Pearl Jam is big enough now to have people control who gets into their business.
And make no mistake: It is a business that, this year, is running full throttle.
Vedder has embarked on a 20-date tour in support of his second solo CD, “Ukelele Songs,” which was released in May. On the same day, the band released “Water on the Road,” a live-concert DVD made during Vedder’s 2008 solo tour in support of his soundtrack to “Into the Wild.”
There’s the Labor Day weekend event; hotels for miles around have been booked for months.
In September, there is the documentary, the CD and the anniversary book. It’s all a lot of work, but Pearl Jam is doing it in no small part because they like each other. They’re family, living and working in the same town where it all started.
“We’re quite pleased that it’s become our lot in life,” says Vedder. “Where we go, we have no idea . . . If you look in the rearview mirror too long, you’re probably going to hit something. I’m trying to keep my eyes on the road.”
It helps that the streets are so familiar.
McCready, who now lives on Lake Washington with his wife, Ashley O’Connor, and their two children, has no plans to leave Seattle. He remains close with his parents, and the Friels, who lost their patriarch last year. McCready hosts an annual benefit concert for the Crohn’s and Colitis Foundation of America’s Northwest Chapter.
To explain why they stay, O’Connor recalls a Christmastime five years ago when McCready went to the Leschi Market. He came back with cookies that some schoolkids were selling to raise money for the people of Darfur.

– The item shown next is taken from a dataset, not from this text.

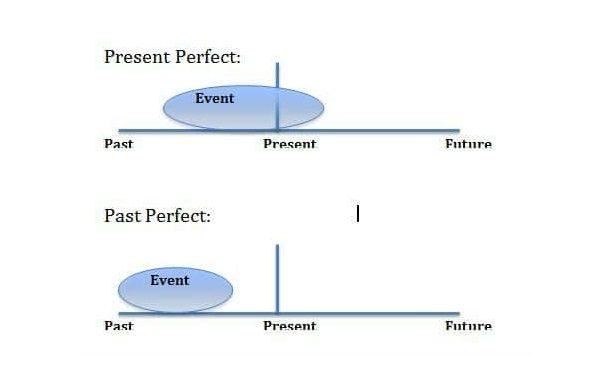 thì Hiện tại hoàn thành và Quá khứ hoàn thành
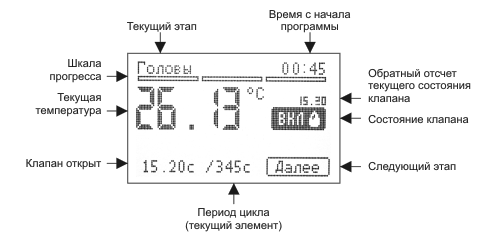 Экран этапа "Головы" в SSVC0059.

That kind of social consciousness wasn’t part of their lives in California at all, he told her, but here, the schoolkids were tuned in — and taking action.
“It felt to us like this city has a soul to it, a community,” O’Connor says. “It wasn’t just about what you have and how you look.
“We built a life here, and it makes sense.”
Gossard lives just down the street.
“A lot of places turn my head,” he says. “But I also think that wherever you’re from, you have a unique understanding of that place, a loyalty to the place.”
That has played a key part in their loyalty to each other and their success.
Easy Street’s Vaughn recalls serving as DJ at Vedder’s wedding to Jill McCormick last year in Hawaii.
Matt Cameron approached and asked Vaughn to play Chic’s “Good Times.”
“It’s the only way I am going to get Stone on the dance floor,” Cameron told him.
Vaughn found the song and watched something that still makes him smile.
“Through the haze, I see these five guys, their arms in the air like on the ‘Ten’ album, just having the time of their lives,” he says. “Just so happy for their brother.”
Not everyone gets to be a rock star. So when you’re able to navigate all that entails — sobriety, career moves, relationships, changes in artistic vision, in interests — it means something.
So, too, does the place where it all started — and still holds together.
“That is the mark of a life well-lived,” Harrop says. “Pearl Jam found each other and made that a cornerstone of their lives.”
Nicole Brodeur is a Seattle Times columnist. Steve Ringman is a Times staff photographer.